(Excerpted data)

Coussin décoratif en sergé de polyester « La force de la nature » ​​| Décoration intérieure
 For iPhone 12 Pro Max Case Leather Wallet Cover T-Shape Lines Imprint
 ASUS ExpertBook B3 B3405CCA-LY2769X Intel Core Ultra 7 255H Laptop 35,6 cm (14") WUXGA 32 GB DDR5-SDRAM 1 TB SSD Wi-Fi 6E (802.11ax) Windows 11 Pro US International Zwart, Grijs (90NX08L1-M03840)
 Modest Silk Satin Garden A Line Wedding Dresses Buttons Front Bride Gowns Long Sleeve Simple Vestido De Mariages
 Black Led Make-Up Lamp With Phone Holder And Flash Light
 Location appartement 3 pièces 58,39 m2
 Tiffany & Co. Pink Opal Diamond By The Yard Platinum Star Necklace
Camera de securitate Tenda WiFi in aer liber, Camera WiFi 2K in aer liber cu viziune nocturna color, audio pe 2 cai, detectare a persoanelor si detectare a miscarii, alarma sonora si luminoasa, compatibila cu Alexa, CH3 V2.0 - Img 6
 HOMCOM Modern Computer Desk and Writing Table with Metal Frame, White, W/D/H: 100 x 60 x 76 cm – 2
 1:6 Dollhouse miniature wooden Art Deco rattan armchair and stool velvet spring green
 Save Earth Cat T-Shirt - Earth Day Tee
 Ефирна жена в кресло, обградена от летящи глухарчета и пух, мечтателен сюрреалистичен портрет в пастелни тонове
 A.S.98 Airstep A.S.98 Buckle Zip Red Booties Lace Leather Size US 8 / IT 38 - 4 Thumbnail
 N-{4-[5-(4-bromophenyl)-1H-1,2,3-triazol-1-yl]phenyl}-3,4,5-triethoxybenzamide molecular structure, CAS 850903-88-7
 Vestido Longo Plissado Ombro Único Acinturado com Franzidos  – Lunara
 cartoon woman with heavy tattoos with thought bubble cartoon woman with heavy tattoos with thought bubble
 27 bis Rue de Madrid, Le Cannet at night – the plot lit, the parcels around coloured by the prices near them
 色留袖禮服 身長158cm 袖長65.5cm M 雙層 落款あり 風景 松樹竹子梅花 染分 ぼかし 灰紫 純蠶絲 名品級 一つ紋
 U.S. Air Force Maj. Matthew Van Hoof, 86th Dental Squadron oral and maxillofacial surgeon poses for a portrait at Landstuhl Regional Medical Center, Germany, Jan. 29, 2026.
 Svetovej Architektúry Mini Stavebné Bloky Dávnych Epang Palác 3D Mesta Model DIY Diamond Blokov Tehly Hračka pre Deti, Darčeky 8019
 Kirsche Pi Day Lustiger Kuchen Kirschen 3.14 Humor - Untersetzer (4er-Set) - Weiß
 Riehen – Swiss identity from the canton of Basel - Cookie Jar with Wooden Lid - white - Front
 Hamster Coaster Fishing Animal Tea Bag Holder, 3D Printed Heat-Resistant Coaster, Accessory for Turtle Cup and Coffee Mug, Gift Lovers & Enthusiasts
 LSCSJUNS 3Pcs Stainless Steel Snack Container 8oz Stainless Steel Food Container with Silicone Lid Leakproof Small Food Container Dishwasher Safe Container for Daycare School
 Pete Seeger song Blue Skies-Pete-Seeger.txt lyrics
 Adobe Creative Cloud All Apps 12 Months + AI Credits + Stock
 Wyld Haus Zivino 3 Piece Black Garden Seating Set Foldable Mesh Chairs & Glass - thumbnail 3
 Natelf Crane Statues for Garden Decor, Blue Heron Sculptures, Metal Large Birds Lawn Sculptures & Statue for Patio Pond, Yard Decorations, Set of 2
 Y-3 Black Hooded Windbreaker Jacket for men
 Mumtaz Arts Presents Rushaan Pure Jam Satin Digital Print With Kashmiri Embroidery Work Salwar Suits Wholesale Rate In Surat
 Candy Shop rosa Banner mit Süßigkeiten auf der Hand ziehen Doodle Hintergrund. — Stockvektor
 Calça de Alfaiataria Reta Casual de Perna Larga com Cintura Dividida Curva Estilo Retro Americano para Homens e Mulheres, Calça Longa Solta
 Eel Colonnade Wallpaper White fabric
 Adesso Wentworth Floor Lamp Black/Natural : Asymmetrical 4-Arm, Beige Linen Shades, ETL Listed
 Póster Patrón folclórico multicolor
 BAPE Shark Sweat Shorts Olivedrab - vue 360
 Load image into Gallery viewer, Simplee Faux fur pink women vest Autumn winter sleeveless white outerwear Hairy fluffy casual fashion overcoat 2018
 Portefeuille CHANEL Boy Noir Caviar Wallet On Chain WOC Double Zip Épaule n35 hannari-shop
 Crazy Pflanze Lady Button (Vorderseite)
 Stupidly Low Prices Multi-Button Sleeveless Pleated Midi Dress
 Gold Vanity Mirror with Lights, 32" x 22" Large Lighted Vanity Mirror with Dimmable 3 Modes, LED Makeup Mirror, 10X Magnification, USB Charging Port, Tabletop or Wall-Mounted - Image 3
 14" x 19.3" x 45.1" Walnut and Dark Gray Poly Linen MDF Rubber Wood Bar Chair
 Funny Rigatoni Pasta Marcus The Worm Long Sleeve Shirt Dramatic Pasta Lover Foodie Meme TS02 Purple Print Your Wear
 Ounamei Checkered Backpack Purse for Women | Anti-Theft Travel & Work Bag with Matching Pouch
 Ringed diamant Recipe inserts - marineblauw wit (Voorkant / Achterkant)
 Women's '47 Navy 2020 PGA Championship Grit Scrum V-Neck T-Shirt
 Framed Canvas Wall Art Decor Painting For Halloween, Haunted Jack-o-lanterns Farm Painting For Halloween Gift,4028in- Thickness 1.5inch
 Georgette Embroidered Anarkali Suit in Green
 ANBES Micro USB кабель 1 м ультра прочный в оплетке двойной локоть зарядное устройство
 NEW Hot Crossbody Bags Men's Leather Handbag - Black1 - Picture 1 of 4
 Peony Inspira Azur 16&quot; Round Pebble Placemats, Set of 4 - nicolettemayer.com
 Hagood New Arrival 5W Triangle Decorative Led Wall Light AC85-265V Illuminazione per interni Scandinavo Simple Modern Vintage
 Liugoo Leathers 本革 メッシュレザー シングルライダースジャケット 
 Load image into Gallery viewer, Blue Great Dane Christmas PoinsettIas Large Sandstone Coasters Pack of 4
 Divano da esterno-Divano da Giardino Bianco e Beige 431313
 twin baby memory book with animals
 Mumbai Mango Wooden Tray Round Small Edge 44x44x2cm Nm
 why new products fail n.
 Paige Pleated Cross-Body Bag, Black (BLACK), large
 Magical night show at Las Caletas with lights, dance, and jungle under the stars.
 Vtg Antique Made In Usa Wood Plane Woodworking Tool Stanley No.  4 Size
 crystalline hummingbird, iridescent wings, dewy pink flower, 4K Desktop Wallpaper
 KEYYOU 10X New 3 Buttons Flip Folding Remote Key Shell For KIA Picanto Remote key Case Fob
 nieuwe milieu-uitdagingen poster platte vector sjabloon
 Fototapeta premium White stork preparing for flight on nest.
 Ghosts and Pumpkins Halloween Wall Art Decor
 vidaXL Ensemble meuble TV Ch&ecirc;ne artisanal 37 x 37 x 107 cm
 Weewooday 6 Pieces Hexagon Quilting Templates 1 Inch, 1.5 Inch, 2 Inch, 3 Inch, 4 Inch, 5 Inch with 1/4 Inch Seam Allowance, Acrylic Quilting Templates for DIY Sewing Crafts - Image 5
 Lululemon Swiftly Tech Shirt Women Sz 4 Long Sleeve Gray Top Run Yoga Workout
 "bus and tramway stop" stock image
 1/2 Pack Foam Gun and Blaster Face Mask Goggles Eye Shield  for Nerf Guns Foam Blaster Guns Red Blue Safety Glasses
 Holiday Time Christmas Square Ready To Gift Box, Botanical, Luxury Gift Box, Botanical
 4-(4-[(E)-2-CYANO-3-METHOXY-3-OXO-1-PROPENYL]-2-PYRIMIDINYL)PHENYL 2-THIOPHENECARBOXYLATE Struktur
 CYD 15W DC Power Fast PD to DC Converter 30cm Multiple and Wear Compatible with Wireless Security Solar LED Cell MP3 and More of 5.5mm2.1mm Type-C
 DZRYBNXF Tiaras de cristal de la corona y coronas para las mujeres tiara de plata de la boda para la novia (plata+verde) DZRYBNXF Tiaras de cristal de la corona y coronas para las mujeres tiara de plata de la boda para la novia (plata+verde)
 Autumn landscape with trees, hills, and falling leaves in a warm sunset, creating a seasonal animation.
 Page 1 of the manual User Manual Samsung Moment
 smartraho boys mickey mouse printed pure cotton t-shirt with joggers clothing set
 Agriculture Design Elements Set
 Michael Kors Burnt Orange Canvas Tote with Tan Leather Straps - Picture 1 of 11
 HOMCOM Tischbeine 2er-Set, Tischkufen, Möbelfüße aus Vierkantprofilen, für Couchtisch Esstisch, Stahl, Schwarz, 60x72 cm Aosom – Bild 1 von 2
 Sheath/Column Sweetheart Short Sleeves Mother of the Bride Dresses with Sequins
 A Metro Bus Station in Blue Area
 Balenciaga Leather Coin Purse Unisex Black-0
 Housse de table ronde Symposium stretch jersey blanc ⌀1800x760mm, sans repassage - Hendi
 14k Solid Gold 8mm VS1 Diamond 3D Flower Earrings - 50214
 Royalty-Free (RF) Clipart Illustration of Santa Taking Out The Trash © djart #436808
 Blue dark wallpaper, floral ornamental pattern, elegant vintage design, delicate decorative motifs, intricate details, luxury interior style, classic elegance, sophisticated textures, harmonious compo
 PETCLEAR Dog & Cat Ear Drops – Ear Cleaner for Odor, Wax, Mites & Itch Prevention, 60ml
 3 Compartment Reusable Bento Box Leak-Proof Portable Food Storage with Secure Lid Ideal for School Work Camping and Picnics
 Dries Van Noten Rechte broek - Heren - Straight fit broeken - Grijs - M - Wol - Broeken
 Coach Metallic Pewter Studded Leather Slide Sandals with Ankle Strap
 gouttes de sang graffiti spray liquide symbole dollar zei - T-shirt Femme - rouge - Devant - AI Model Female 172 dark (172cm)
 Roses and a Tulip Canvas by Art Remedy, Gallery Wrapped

(End Excerpted data)

Prompt:
Please give again only the lines from the start of the material through the line holding "Tiffany & Co.", exactly as they are written.

Result:
Coussin décoratif en sergé de polyester « La force de la nature » ​​| Décoration intérieure
 For iPhone 12 Pro Max Case Leather Wallet Cover T-Shape Lines Imprint
 ASUS ExpertBook B3 B3405CCA-LY2769X Intel Core Ultra 7 255H Laptop 35,6 cm (14") WUXGA 32 GB DDR5-SDRAM 1 TB SSD Wi-Fi 6E (802.11ax) Windows 11 Pro US International Zwart, Grijs (90NX08L1-M03840)
 Modest Silk Satin Garden A Line Wedding Dresses Buttons Front Bride Gowns Long Sleeve Simple Vestido De Mariages
 Black Led Make-Up Lamp With Phone Holder And Flash Light
 Location appartement 3 pièces 58,39 m2
 Tiffany & Co. Pink Opal Diamond By The Yard Platinum Star Necklace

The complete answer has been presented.